Probably, one of the most difficult challenges in clinical practice is to push clinicians from different areas of expertise to work together in the setting of multi-disciplinary teams. However, such multi-expert teams are exactly what we would need to utilize the mutually interactive information deriving from the retina and from the liver. For example, the hepatologist should be aware of the risk of DR and refer his/her patients with advanced dysmetabolic SLD to the ophthalmologist. Similarly, the opthalmologist/diabetologist who happens to observe a case of DR should promptly refer the patient for hepatological assessment.

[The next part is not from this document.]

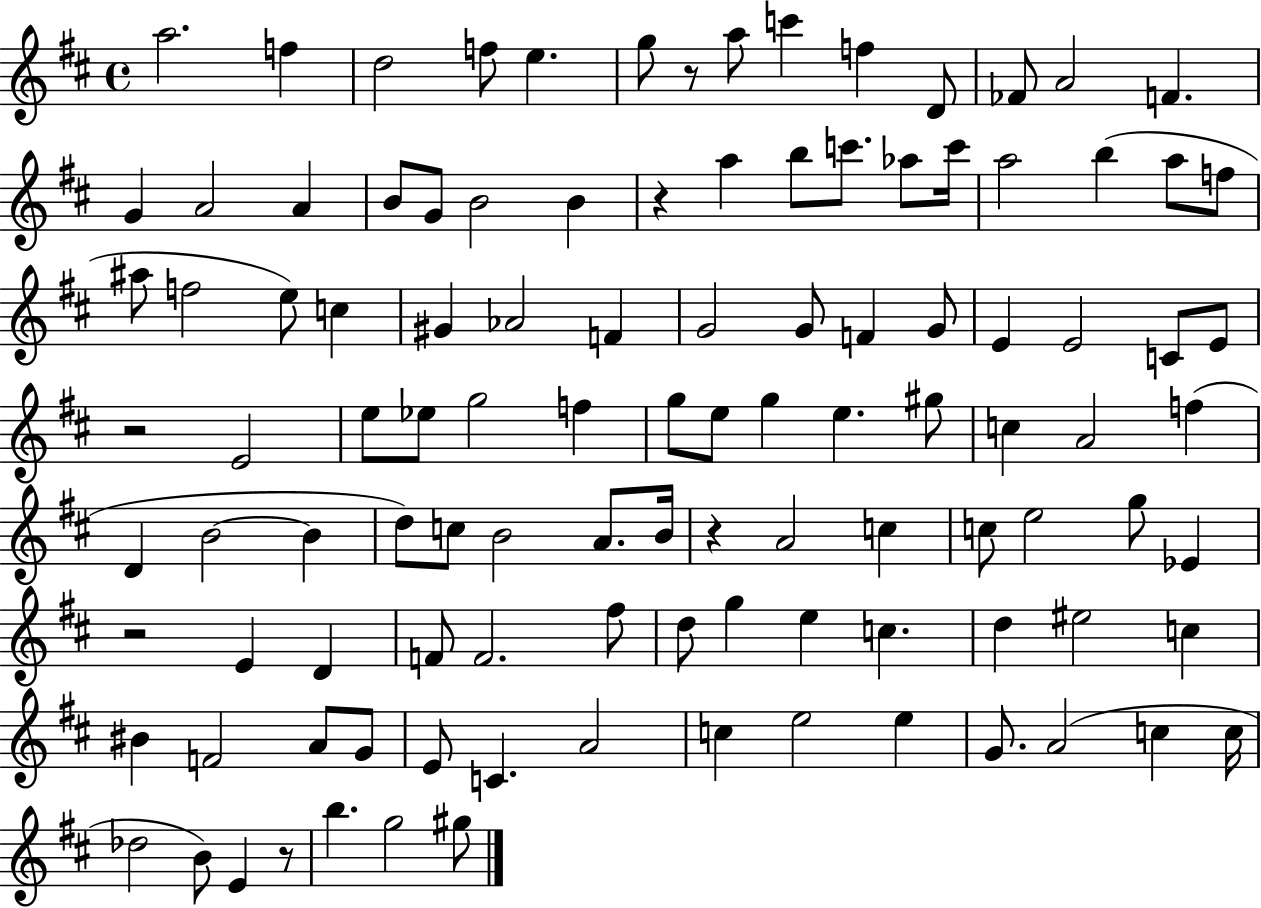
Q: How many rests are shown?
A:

Individuals presenting with NAFLD/NASH, MAFLD/MASLD and concurrent DR are likely to harbor CKD, diabetic neuropathy, and enhanced cardiovascular risk in the context of more advanced liver fibrosis. Prompt recognition of this syndromic picture by expert and dedicated clinicians will trigger comprehensive multi-organ assessment, such as appropriate for a potentially severe systemic disorder.

In this context, strategies aimed at targeting triage for advanced liver fibrosis among those at-risk groups of individuals undoubtedly play a major role [29]. From the therapeutic point of view, these patients exhibiting advanced liver fibrosis in the setting of diabetes may benefit from a variety of marketed drugs and others in the pipeline, including pioglitazone, glucagon-like peptide 1 receptor antagonists, sodium–glucose transporter 2 inhibitors, Fibroblast Growth Factor analogues, Farnesoid X receptor agonists, peroxisomeproliferator–activated receptor agonists, and the liver-directed, β-selective THR agonist resmetirom [30,31].

Additional studies should explore the role of serum levels of mac-2 binding protein and galectin 1 [32,33] as biomarkers of systemic fibrosing disease potentially involving eyes, the kidneys, and the liver, as well as of galectin 1 as a target of selective anti-fibrotic pharmacological intervention [33].